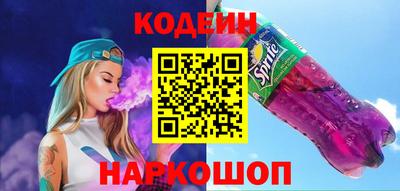 наркотики Азнакаево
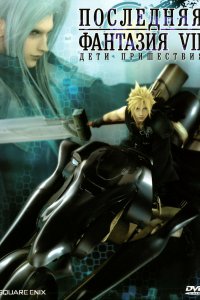 Последняя фантазия VII: Дети пришествия 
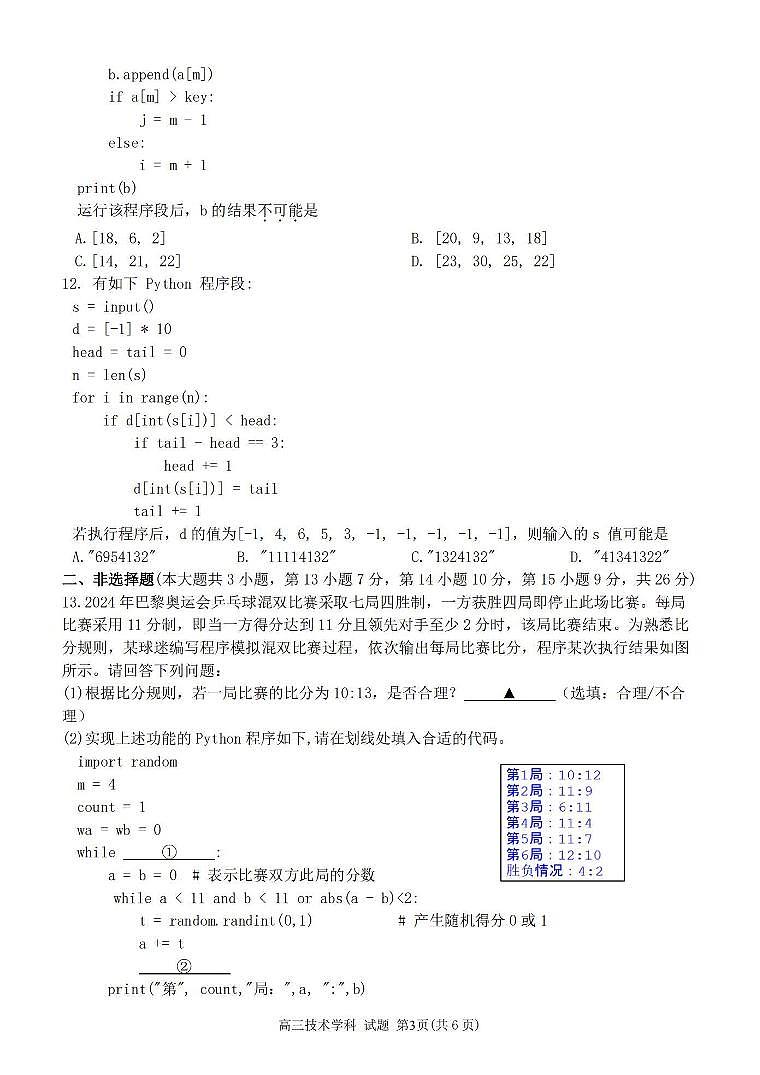2024学年第一学期浙南名校联盟高三第一次联考试卷+技术第3页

§ **WHAT YOU NEED TO DO**
Leave the pictures aside. Set down exactly the lines from the one with "Последняя фантазия VII: Дети пришествия" through the final line of the listing above.

§ **OUTPUT OF THE TASK**
 Последняя фантазия VII: Дети пришествия 
2024学年第一学期浙南名校联盟高三第一次联考试卷+技术第3页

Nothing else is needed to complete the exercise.